Mr. Bloomberg is saying something similar. He did not defend redlining. But that does not mean the idealistic fight against redlining is blameless in the financial shocks of 2008 and thereafter. It is what created the moral pressure — or provided politicians with the moral cover — to follow the destructive loose-credit policies that Mr. Rajan describes.
It is easy to call Bill Clinton a mountebank for raising Fannie Mae’s low-income quota to 50 percent or George W. Bush a fool for raising it to 56 percent. But is there any doubt that they would have faced the same accusations of racial insensitivity that Mr. Bloomberg is now facing had either of them sought to lower it?
I think my 2018 summary of these questions is considerably better. For example, Bush’s 2002-2004 crusade to boost minority homeownership by 5.5 million households by 2010 by watering down traditional credit standards for down payments and income documentation deserves to be mentioned. The problem was less that the government was leaning on lenders to lend more to minorities and “lower-income households” (which in Mortgage-Speak is not the same as what we think of as “low income”) as it was cultivating a mindset in which optimists about minority lending were favored while loosening regulatory restraints on their optimism.

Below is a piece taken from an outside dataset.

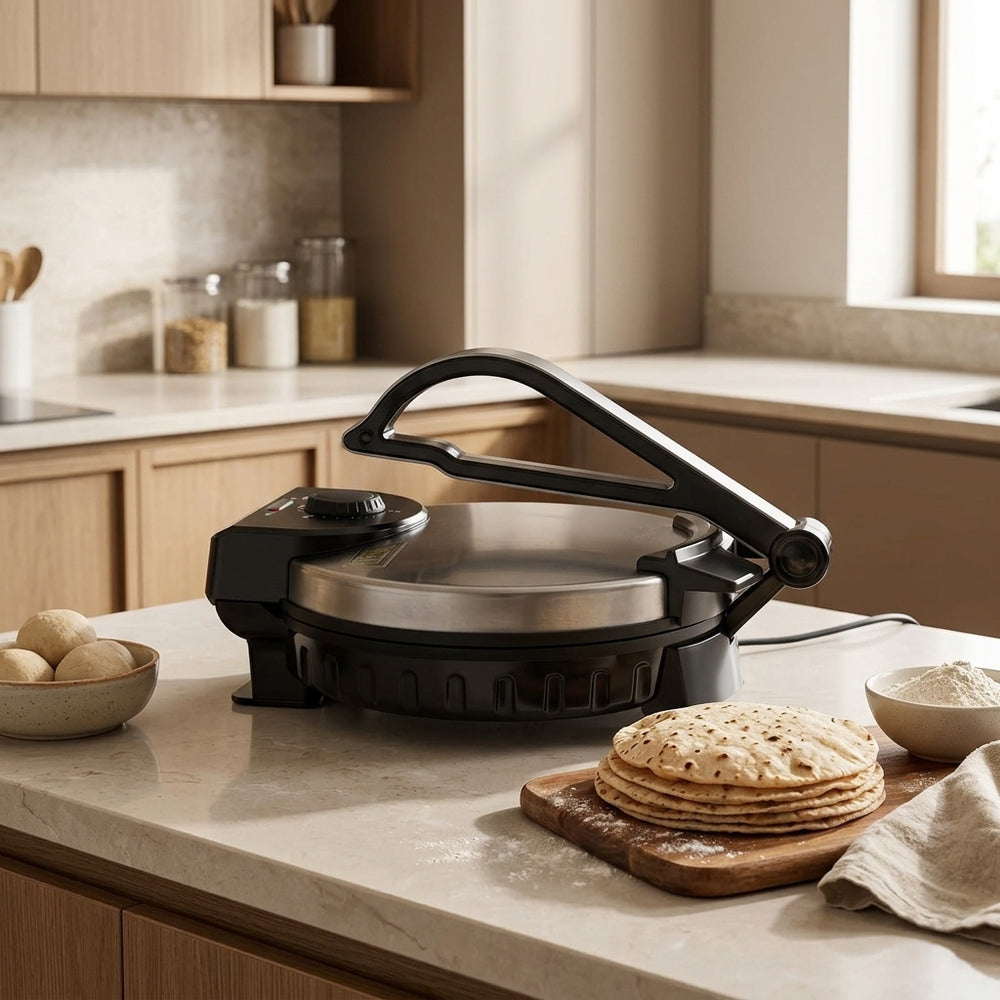 LAC Laichy Electric Roti Maker 1800W – 10-Inch Non-Stick Plate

Keep in mind that I’m not saying that the mortgage meltdown was the only cause of the global Great Recession, much as I don’t claim that Pearl Harbor is the only reason that the U.S. fought WWII or that the assassination of the Archduke was the only cause of WWI.
For example, deindustrialization in the U.S. caused a lot of money to pile up in China, Germany, etc., which needed to go somewhere. Investing in mortgages from the rapidly Hispanicizing Sand States seemed like a good idea under the mindset imposed by the Cult of Diversity and Immigration.
In a disaster this large, there are multiple lessons to be learned.